#### [Records from a data collection]
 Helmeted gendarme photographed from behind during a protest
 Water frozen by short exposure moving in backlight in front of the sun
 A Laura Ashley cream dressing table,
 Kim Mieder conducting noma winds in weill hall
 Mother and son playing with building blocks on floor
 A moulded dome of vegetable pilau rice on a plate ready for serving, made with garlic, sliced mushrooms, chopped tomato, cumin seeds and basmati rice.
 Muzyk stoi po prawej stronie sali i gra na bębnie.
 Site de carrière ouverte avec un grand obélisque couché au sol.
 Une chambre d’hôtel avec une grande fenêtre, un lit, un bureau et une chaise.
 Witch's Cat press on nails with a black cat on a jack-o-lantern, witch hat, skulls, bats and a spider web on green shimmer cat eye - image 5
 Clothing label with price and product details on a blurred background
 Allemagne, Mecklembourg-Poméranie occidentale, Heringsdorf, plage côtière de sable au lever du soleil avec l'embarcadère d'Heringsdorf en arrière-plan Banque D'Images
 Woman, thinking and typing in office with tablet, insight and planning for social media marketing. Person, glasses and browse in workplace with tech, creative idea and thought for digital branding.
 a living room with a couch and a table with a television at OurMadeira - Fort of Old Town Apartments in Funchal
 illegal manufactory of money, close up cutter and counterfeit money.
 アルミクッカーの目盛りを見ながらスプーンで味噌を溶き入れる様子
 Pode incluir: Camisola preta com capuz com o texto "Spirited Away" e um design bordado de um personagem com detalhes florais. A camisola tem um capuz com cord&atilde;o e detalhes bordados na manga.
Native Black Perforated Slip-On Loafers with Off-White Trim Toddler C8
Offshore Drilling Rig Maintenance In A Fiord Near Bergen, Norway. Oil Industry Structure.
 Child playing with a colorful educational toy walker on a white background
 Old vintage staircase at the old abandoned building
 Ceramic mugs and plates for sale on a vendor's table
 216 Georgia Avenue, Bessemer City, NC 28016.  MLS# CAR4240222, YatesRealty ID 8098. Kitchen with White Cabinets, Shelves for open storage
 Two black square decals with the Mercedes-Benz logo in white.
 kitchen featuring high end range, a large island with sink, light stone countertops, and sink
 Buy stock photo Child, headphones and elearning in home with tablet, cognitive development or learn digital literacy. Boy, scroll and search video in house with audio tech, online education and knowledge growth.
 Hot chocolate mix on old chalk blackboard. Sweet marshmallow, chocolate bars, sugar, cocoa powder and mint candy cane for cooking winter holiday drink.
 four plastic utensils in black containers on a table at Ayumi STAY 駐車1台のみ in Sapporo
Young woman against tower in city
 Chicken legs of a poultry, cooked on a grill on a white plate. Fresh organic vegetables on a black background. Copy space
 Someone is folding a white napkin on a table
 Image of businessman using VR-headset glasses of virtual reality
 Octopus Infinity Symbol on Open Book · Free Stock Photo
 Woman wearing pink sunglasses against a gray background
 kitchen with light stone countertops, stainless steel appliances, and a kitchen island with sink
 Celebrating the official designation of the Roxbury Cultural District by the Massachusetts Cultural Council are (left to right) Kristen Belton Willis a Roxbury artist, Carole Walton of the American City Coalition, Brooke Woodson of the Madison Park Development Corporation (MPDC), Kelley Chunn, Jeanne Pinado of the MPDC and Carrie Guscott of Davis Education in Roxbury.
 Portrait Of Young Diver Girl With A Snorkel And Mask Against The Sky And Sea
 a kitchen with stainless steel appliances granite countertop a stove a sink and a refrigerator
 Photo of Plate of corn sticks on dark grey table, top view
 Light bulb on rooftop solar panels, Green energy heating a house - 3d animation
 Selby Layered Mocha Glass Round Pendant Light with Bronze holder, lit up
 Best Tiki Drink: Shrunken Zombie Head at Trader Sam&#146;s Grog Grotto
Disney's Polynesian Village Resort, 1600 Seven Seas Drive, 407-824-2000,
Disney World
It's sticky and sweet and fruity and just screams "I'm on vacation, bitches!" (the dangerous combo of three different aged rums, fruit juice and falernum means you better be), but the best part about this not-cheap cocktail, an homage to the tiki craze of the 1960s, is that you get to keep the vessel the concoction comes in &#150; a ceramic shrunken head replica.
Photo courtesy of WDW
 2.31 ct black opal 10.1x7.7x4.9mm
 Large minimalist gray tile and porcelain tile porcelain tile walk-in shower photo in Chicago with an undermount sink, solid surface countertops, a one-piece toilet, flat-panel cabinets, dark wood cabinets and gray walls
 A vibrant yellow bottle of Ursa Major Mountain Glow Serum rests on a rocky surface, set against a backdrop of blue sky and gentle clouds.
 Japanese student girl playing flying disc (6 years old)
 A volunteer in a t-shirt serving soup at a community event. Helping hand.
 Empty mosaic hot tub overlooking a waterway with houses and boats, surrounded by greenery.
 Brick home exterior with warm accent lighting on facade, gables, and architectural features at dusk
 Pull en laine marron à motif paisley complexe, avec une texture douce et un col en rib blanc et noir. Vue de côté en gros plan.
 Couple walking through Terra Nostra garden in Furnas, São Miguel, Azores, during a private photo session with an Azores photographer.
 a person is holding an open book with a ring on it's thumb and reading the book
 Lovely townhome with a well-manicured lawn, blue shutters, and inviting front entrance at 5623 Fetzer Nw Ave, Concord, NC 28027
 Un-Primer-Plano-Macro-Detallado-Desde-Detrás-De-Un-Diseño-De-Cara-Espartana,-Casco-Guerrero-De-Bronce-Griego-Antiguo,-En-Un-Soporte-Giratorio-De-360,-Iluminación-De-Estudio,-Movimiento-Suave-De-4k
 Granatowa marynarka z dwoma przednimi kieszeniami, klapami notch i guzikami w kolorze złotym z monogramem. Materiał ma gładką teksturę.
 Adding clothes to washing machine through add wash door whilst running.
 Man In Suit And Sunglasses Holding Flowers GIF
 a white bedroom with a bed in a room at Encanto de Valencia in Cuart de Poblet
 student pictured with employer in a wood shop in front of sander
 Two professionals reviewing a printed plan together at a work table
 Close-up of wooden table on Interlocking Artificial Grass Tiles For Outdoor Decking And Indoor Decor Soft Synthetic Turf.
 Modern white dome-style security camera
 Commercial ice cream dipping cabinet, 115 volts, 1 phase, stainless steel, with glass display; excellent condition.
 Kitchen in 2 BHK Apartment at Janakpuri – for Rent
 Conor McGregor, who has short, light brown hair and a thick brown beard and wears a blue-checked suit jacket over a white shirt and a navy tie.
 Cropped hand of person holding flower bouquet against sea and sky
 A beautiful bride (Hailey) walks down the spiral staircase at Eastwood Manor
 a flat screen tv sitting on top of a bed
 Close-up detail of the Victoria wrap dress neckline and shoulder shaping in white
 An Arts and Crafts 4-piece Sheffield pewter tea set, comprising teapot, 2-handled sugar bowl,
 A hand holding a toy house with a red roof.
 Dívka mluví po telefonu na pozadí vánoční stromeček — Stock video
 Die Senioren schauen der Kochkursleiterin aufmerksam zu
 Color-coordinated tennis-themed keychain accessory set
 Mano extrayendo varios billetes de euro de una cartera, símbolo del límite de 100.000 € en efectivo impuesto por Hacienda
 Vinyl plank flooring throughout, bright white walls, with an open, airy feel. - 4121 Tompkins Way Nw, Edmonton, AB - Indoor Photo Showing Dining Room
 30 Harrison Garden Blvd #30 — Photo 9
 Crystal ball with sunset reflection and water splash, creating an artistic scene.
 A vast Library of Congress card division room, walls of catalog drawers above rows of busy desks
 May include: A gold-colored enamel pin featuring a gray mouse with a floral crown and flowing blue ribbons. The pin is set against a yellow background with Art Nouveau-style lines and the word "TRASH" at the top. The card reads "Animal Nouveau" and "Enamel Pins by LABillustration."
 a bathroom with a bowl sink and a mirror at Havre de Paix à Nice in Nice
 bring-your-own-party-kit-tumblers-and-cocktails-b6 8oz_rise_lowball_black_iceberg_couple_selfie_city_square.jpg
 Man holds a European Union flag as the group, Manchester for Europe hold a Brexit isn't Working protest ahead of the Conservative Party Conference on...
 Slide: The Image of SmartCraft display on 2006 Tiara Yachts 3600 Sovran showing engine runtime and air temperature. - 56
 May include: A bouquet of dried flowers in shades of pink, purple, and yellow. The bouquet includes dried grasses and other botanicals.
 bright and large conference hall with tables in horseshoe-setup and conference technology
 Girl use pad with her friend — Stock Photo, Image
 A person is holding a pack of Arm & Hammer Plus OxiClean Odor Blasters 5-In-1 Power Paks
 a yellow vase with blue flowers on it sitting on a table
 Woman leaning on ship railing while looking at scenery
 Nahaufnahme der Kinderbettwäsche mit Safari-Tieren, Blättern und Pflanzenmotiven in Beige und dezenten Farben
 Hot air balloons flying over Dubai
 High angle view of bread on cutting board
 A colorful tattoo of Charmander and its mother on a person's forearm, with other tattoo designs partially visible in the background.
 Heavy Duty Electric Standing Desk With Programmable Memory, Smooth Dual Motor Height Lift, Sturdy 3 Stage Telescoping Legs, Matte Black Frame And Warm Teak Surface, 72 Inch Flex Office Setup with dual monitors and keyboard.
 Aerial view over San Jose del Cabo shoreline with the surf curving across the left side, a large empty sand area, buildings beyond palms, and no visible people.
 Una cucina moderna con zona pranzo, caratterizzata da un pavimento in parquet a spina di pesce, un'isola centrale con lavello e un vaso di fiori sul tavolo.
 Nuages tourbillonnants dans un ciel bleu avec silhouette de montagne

#### [What is being asked]
Copy exactly the lines that run from the first line of the data to the line containing "Site de carrière", please, with both ends included and nothing else.

#### [Task solution]
 Helmeted gendarme photographed from behind during a protest
 Water frozen by short exposure moving in backlight in front of the sun
 A Laura Ashley cream dressing table,
 Kim Mieder conducting noma winds in weill hall
 Mother and son playing with building blocks on floor
 A moulded dome of vegetable pilau rice on a plate ready for serving, made with garlic, sliced mushrooms, chopped tomato, cumin seeds and basmati rice.
 Muzyk stoi po prawej stronie sali i gra na bębnie.
 Site de carrière ouverte avec un grand obélisque couché au sol.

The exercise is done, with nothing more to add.